1. An employer violated the National Labor Relations Act (NLRA) by maintaining a mandatory arbitration policy, making arbitration the exclusive forum for resolving all employment claims because it denied employees access to the National Labor Relations Board (NLRB), the Board has ruled. Prime Healthcare Paradise Valley, LLC, 368 NLRB No. 10 (June 18, 2019). The Board held that “such provisions significantly impair employee rights, the free exercise of which is vital to the implementation of the statutory scheme established by Congress in the [NLRA]. No legitimate justification outweighs, or could outweigh, the adverse impact of such provisions on employee rights and the administration of the Act.” For a full discussion of Prime Healthcare, see our article, Labor Board Revisits Arbitration Agreements after Supreme Court’s ‘Epic’ Decision.
2. The NLRB announced that it will propose rules on the standard for determining whether students who perform services at private colleges or universities in connection with their studies are “employees” covered by the NLRA. Some say the Board’s decision to tackle this issue through rulemaking likely will result in the reversal of a controversial 2016 Board decision issued in a case involving graduate students. There, the Board significantly changed federal labor policy by ruling that such students may be treated as employees under the Act and eligible to unionize. See Columbia Univ., 364 NLRB No. 90 (2016). However, even if rulemaking results in a return to the Board’s pre-Columbia Univ. position, graduate student unionization still may occur, if such students pressure universities to voluntarily recognize their unions, a tactic used in many recent graduate student organizing efforts.
3. The Board found an employer did not violate the NLRA by restricting union representatives from accessing the employer’s store, after the representatives failed to follow longstanding visitation ground rules. Fred Meyer Stores, Inc., et al., 368 NLRB No. 6 (June 18, 2019). Claiming a right under a visitation provision in the collective bargaining agreement, eight union representatives visited the employer’s store to speak with employees. Only some of the representatives checked in with the employer before meeting with employees outside the employee breakroom. The employer directed the representatives to meet employees only in the breakroom. The employer also said too many union representatives were present. The union filed an unfair labor practice charge alleging these restrictions violated the Act. On remand from the U.S. Court of Appeals for the D.C. Circuit, the NLRB found the employer did not violate the Act because, although union representatives were permitted to visit the store under their collective bargaining agreement’s visitation provision, they acted outside the scope of that provision and past practice.

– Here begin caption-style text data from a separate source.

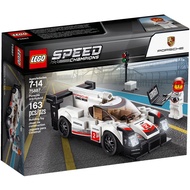 Lego Speed 75887 Porsche 919 Hybrid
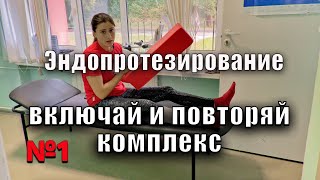 картинка: ЭНДОПРОТЕЗИРОВАНИЕ ТАЗОБЕДРЕННОГО СУСТАВА полный комплекс УПРАЖНЕНИЙ ДЛЯ НОГ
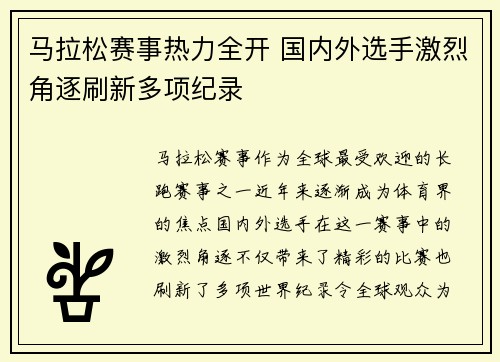 马拉松赛事热力全开 国内外选手激烈角逐刷新多项纪录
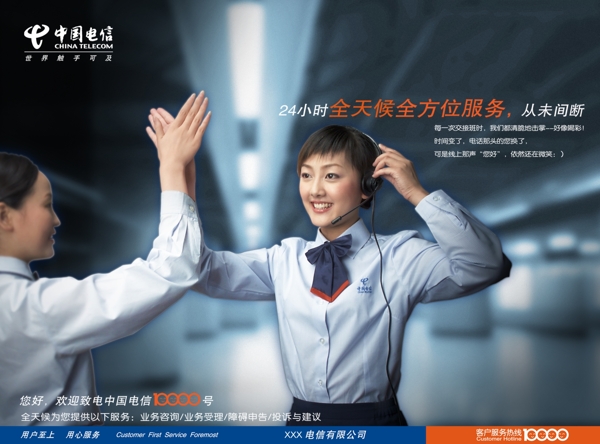 龙腾广告平面广告PSD分层素材源文件中国移动中国电信微笑服务拍手
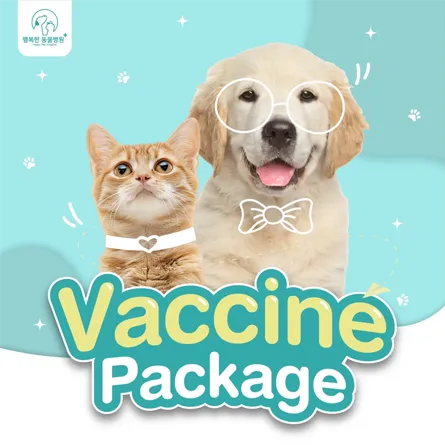 Vaccine Dog Cat Package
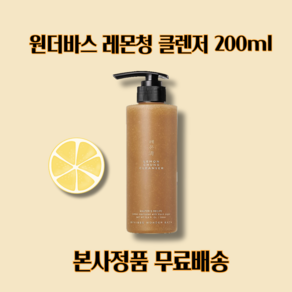 노폐물제거 레몬청클렌저 레몬껍질발효추출물, 1개, 200ml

4. NLRB Chairman John Ring filed a formal complaint against the Board’s Inspector General (IG), a move many interpreted as an attempt to push out the IG over his role in the evolving debate in the Board’s joint-employer standard. Ring’s complaint concerns IG David Berry’s allegedly harsh treatment of Board employees and Equal Employment Opportunity Commission (EEOC) complaints filed against him over the past few years. Some have said Ring’s complaint was motivated by Berry’s February 2018 report concluding Board Member William Emanuel should have recused himself from participating in the Board’s decision in Hy-Brand Indus. Contractors, 365 NLRB No. 156 (Dec. 14, 2017), because of an alleged conflict of interest. In Hy-Brand, the Board reversed its standard for determining when two employers are joint employers jointly liable for, among other things, unfair labor practices committed by the other. Member Emanuel voted with the majority. The Board subsequently vacated Hy-Brand, based, in part, on IG Berry’s report. A majority of the Board’s four sitting members (three are Republicans) would have to agree to terminate and remove the IG.
5. The NLRB General Counsel’s (GC) office has recommended that the Board limit the use of “Scabby the Rat,” a giant inflatable balloon rat used for decades by labor unions during labor disputes, and similar inflatable animals. Summit Design + Build, LLC, 13-CC-225655 (Adv. Mem. Dec. 20, 2018, released June 2019). Federal labor law strictly regulates “secondary” activity by unions, including protests against “neutral” businesses with whom a union has no direct dispute. Under the Board’s standards, picketing a neutral employer is almost always unlawful, while informational handbilling is not. The Obama-era Board had ruled that use of Scabby (and other inflatable animals) is more like handbilling than picketing (and therefore is generally lawful). The current GC’s Office took a different position in Summit. Evaluating a union’s use of an inflatable “Fat Cat” against a neutral employer, the GC’s Advice Division held the “Fat Cat” created a “symbolic, confrontational barrier to anyone seeking to enter or work.” It found the use of the animal more like picketing than handbilling. As a result, the Advice Division recommended the Board return to its pre-Obama-era position, interpreting such tactics as unlawful when targeted at neutral employers.